Records provided ▸
*** Block opens ***
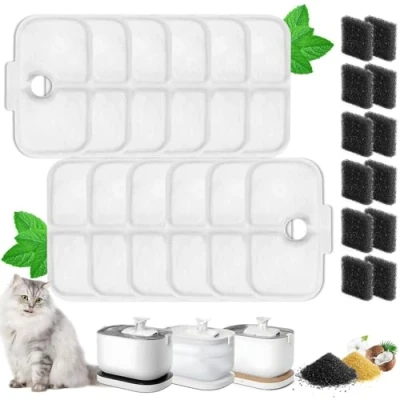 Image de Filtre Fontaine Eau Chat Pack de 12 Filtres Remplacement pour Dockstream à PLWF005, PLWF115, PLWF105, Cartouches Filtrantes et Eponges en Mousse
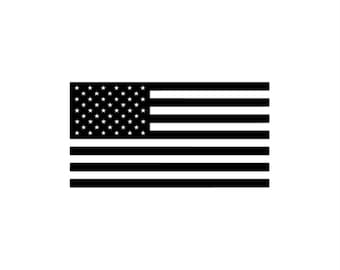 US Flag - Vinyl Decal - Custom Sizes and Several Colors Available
*** Block closes ***
*** Block opens ***
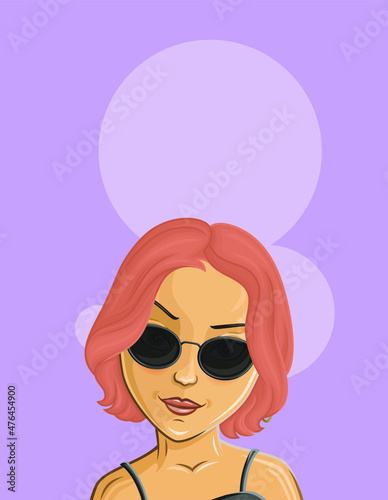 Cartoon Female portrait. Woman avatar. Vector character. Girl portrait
*** Block closes ***
Task brief ▸
Above are the records. Copy word for word only their lines from the one holding "Image de Filtre" through the one holding "US Flag - Vinyl", both included, and skip the images.

Answer to the exercise ▸
 Image de Filtre Fontaine Eau Chat Pack de 12 Filtres Remplacement pour Dockstream à PLWF005, PLWF115, PLWF105, Cartouches Filtrantes et Eponges en Mousse
 US Flag - Vinyl Decal - Custom Sizes and Several Colors Available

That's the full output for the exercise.